Natuerlich besteht ein gewissen Risiko, jedoch faellt mir momentan keine wirkliche Loesung ein.

 

[kleriker]

Also wenn wäre das so gestaltet, dass der AP nur für die Ferienwohnung ist. Unsere Rechner greifen weiterhin direkt über den Router zu. Somit bräuchte man keine Ausnahmen zu machen. Es wäre mir halt der angenehmere Weg, denn so bräuchte ich den Haupt-WPA Schlüssel nicht rausgeben, andem alles hängt. Gut ok, bin in der Hinsicht einwenig paranoid, muss ich zugeben +gg+.

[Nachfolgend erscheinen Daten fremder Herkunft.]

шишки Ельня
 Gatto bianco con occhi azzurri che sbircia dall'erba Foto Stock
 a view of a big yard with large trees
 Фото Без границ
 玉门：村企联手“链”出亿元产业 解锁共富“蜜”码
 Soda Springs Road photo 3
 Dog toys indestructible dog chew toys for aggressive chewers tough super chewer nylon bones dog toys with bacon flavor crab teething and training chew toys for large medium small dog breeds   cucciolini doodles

Achso schreib mir bitte auch nochmal einen Befehl, womit ich eine Mac für LAN sperren kann, dann kann ich das ja mal mit der Mac des APs probieren.

Nochmals Danke.

Gruß,
Alex

 

[Dennis Wronka]

Um den Zugriff einer bestimmten MAC auf das LAN zu sperren sollte Dir folgender Befehl helfen:

iptables -I FORWARD 1 -i br0 -o ! ppp0 -m mac --mac-source NOTEBOOK_MAC -j REJECT

 

[kleriker]

Super, danke.

Ich glaube ich habe jetzt auch ne Lösung gefunden:

Der AP hat ein eigenes WLAN mit eigenem WPA Schlüssel. Zusätzlich stell ich noch einen MAC Filter ein. Auf diesem AP greifen nur die Feriengäste zu, somit sind auch nur deren MCs eingetragen. Soo ... im Router nehme ich dann dein Script von oben und stelle ein, dass nur meine eingetragenen MACs aufs Lan zugreifen können. Wenn jetzt nun einer wirklich ne MAC von meinen Rechnern spoofen würde, dann kann er mit der nix anfangen, da sie nicht auf dem AP eingetragen ist. Auf den Router kann er wiederrum auch nicht zugreifen, da er nicht den richtigen WPA Schlüssel hat. Somit wäre ich relativ abgesichert.

Gruß,
Alex

 

[Dennis Wronka]

Nichts zu danken.
Wenn Du's probiert hast waere eine Rueckmeldung nett ob es denn so geklappt hat.

 

[kleriker]

Hallo,

so habe jetzt alle Befehle getestet und leider führte keiner zum Erfolg. Ich konnte immer mit dem Test-Laptop auf das LAN zugreifen. Hast du vielleicht noch ne Idee ?

Gruß,
Alex

 

[Dennis Wronka]

Hast Du auf dem Router eine Moeglichkeit einzusehen von welchem Interface der Traffic kommt und wo er hingeht?
TCPDump ist nicht zufaellig verfuegbar, oder?

 

[kleriker]

habe gerade mal tcpdump probiert, aber den Befehl kennt er nicht. Auch sonst habe ich wohl keine Möglichkeit das einzusehen.